Generally, the “expected range” is the range of the response
y used when building the model.
But that depends on the type of model, and plotmo
knows about some special cases.
For example, it knows that for some models we are predicting a
probability, and it scales the axes accordingly, 0 to 1.
However, plotmo cannot know about every possible model and
prediction type, and will sometimes determine the expected response range
incorrectly.
In that case use clip=FALSE.
The default clip is TRUE because it is a useful sanity
check to test that the predicted values are in the expected range.
While not necessarily an error, predictions outside the expected range
are usually something we want to know about.
Also, with clip=FALSE, a few errant predictions can expand the
entire y-axis, making it difficult to see the shape of the other
predictions.
Using plotmo on various models
Here are some examples which illustrate plotmo on various
objects.
(The models here are just for illustrating plotmo and
shouldn't be taken too seriously.)
# use a small set of variables for illustration
library(earth) # for ozone1 data
data(ozone1)
oz <- ozone1[, c("O3", "humidity", "temp", "ibt")]
lm.model <- lm(O3 ~ humidity + temp*ibt, data=oz) # linear model
plotmo(lm.model, se=2, col.response="gray", nrug=-1)
library(rpart) # rpart
rpart.model <- rpart(O3 ~ ., data=oz)
plotmo(rpart.model, all2=TRUE)
library(randomForest) # randomForest
rf.model <- randomForest(O3~., data=oz)
plotmo(rf.model)
# partialPlot(rf.model, oz, temp) # compare to partial-dependence plot
library(gbm) # gbm
gbm.model <- gbm(O3~., data=oz, dist="gaussian", inter=2, n.trees=1000)
plotmo(gbm.model)
# plot(gbm.model, i.var=2) # compare to partial-dependence plots
# plot(gbm.model, i.var=c(2,3))
library(mgcv) # gam
gam.model <- gam(O3 ~ s(humidity)+s(temp)+s(ibt)+s(temp,ibt), data=oz)

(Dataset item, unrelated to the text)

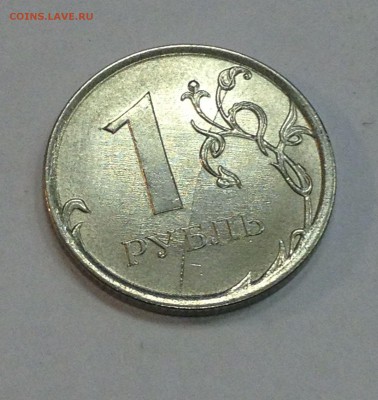 Лот полных расколов 10коп-10 руб. 10 монет.№4 - IMG_2771.JPG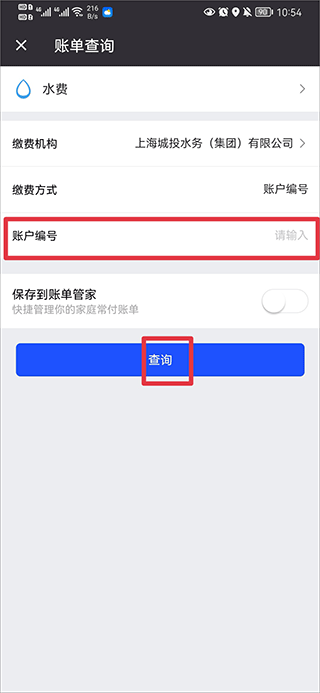 付费通app截图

plotmo(gam.model, se=2, all2=TRUE)
library(nnet) # nnet
set.seed(4)
nnet.model <- nnet(O3~., data=scale(oz), size=2, decay=0.01, trace=FALSE)
plotmo(nnet.model, type="raw", all2=T)
library(MASS) # qda
lcush <- data.frame(Type=as.numeric(Cushings$Type),log(Cushings[,1:2]))
lcush <- lcush[1:21,]
qda.model <- qda(Type~., data=lcush)
plotmo(qda.model, type="class", all2=TRUE,
type2="contour", ngrid2=100, nlevels=2, drawlabels=FALSE,
col.response=as.numeric(lcush$Type)+1,
pch.response=as.character(lcush$Type))
Extending plotmo
Plotmo needs to access the data used to build the model.

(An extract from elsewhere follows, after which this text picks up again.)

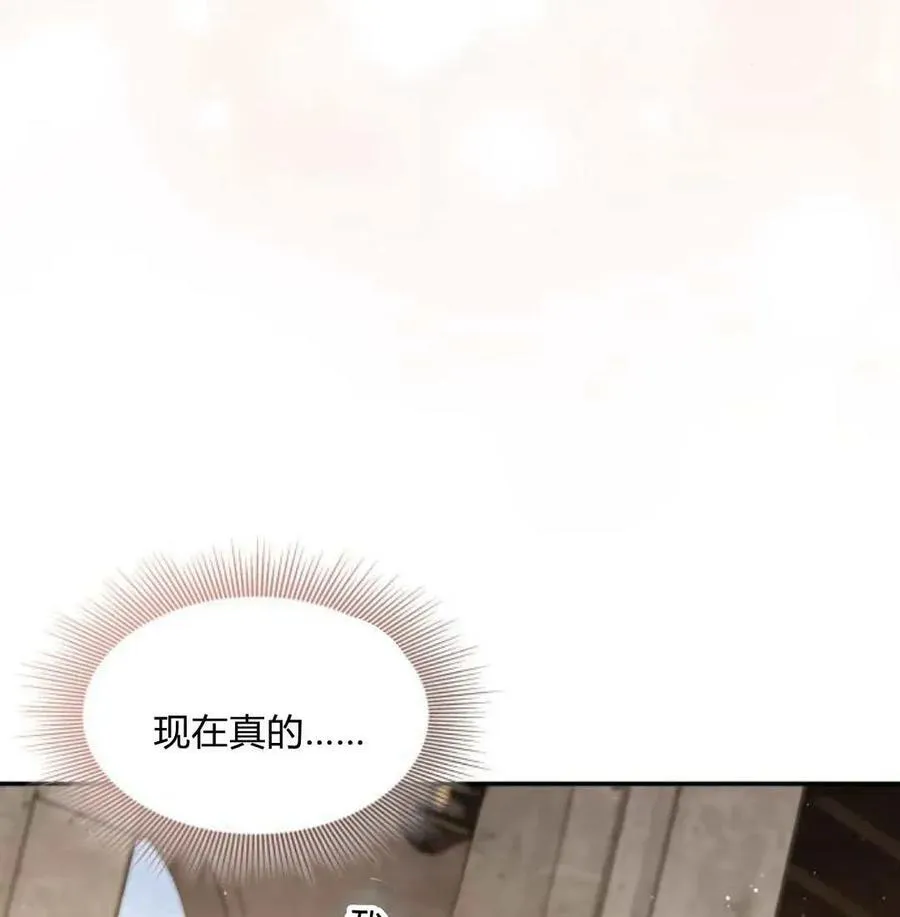 第67话103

It does that with the method functions listed below.
The default methods suffice for many objects.
However, the default methods don't work (plotmo will issue
an error message) if the model function did not save
the call or data with the object in a standard fashion.

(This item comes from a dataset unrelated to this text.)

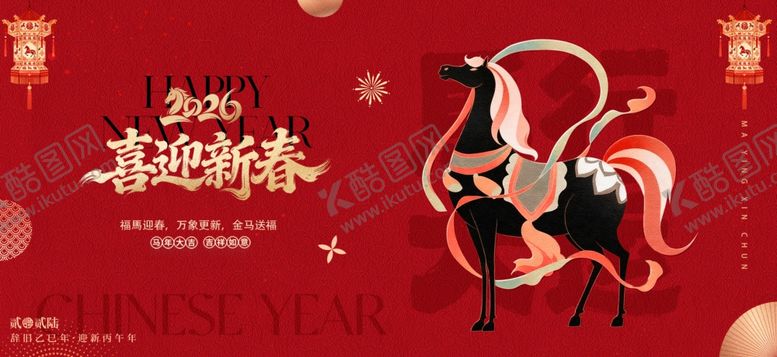 编号：27535712192003306748【酷图网】源文件下载-马年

Object-specific methods can usually be written to deal with such
issues.
See plotmo.methods.gbm.R in the plotmo source code for an example.
The methods are:
plotmo.prolog called before plotting begins, sanity check of the object
plotmo.predict invokes predict for each sub-plot
get.plotmo.x the model matrix x
get.plotmo.y the model response y
get.plotmo.default.type the value of the type argument when not specified by the user
get.plotmo.singlesthe vector of variables to be plotted in degree1 plots
get.plotmo.pairsthe array of pairs to be plotted in degree2 plots
get.plotmo.ylim the value of ylim when not specified by the user
get.plotmo.clip.limits the clip range when clip=TRUE
Common error messages
o Error in match.arg(type): 'arg' should be one of ...
The message is probably issued by the predict method for your
model object.
Set type to a legal value as described
on the help page for the predict method for your object.
o Error: predicted values are out of ylim, try clip=FALSE
Probably plotmo has incorrectly determined the expected range
of the response, and hence also ylim.
Re-invoke plotmo with clip=FALSE.
See the section “The clip argument”.
o Error: predict.lm(xgrid, type="response") returned the wrong length
o Warning: 'newdata' had 100 rows but variable(s) found have 30 rows
o Error: variable 'x' was fitted with type "nmatrix.2" but type "numeric" was supplied
o Error in model.frame: invalid type (list) for variable 'x[,3]'
These and similar messages usually mean that predict is
misinterpreting the new data generated by plotmo.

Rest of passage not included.